■ Assignment
From the records below, transcribe only the lines running from the one with "H&M Women's Linen-Blend" through the one with "DJI Mavic 3". Keep both of those end lines.

■ Supplied information
%%
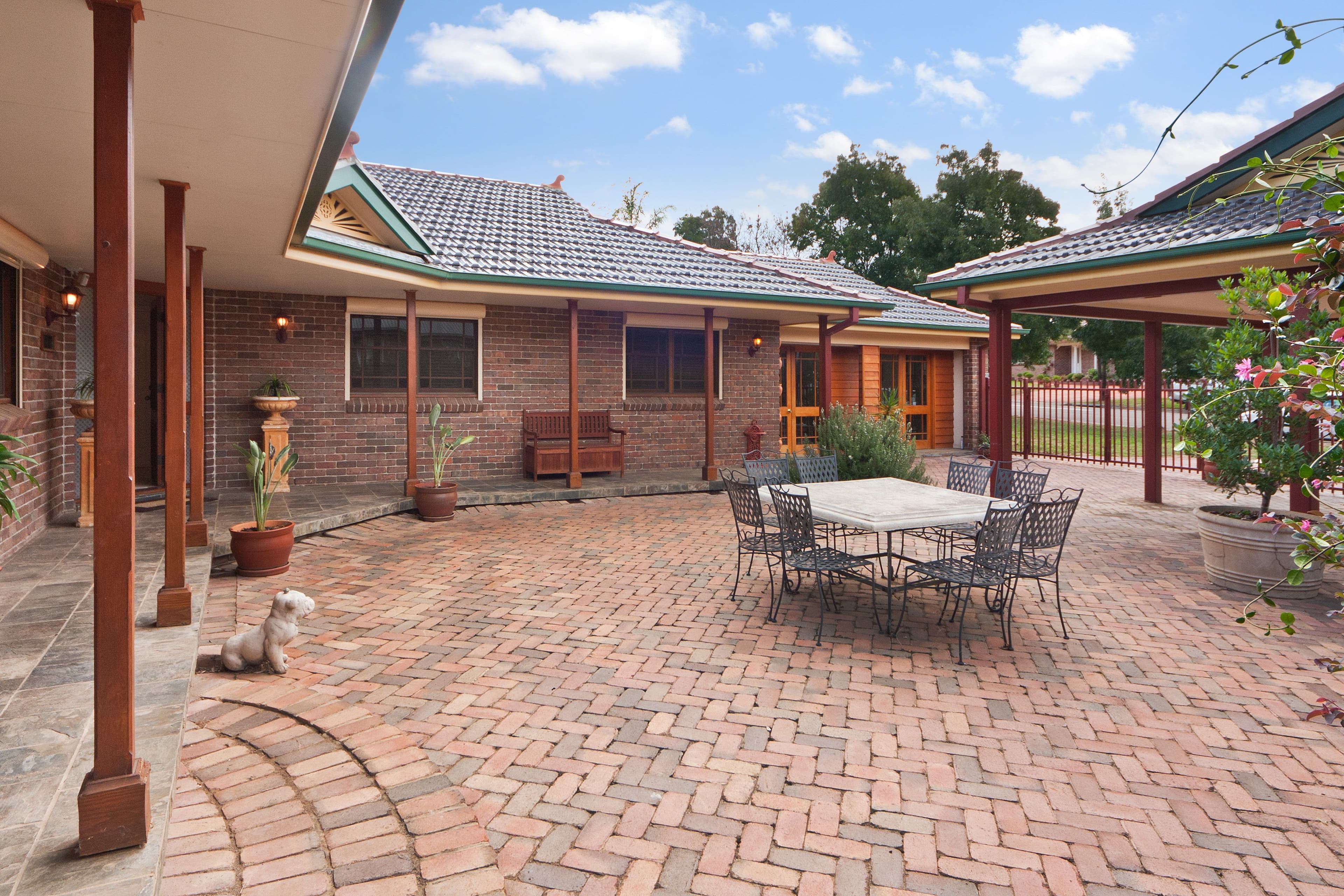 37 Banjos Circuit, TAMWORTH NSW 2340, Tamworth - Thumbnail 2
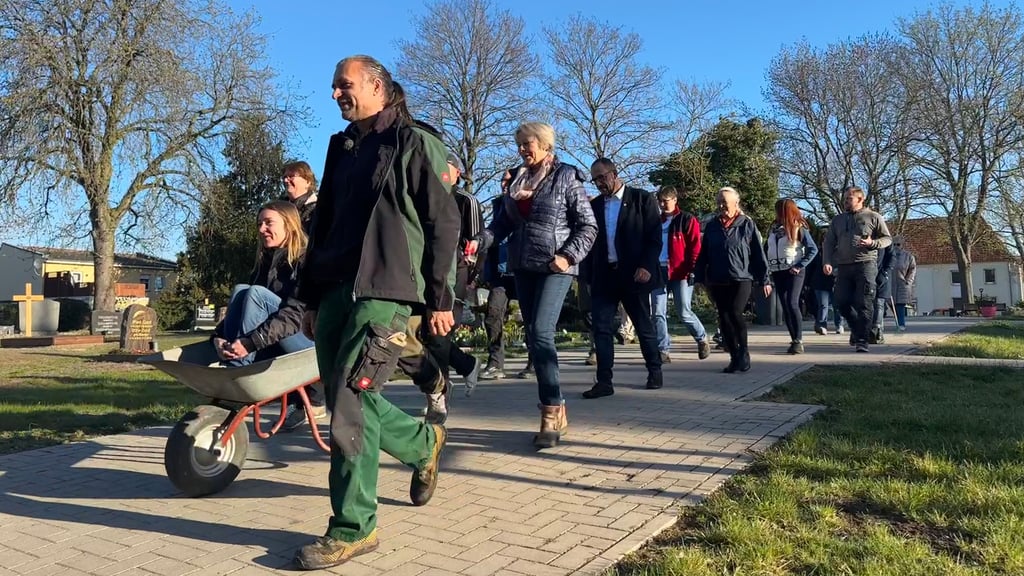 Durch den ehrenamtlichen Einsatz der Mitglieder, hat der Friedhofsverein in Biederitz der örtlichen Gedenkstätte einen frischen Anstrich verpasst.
%%
%%
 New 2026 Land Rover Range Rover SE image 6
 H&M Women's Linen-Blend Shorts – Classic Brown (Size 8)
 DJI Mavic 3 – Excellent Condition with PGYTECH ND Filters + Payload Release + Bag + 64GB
%%
■ Answer area
 H&M Women's Linen-Blend Shorts – Classic Brown (Size 8)
 DJI Mavic 3 – Excellent Condition with PGYTECH ND Filters + Payload Release + Bag + 64GB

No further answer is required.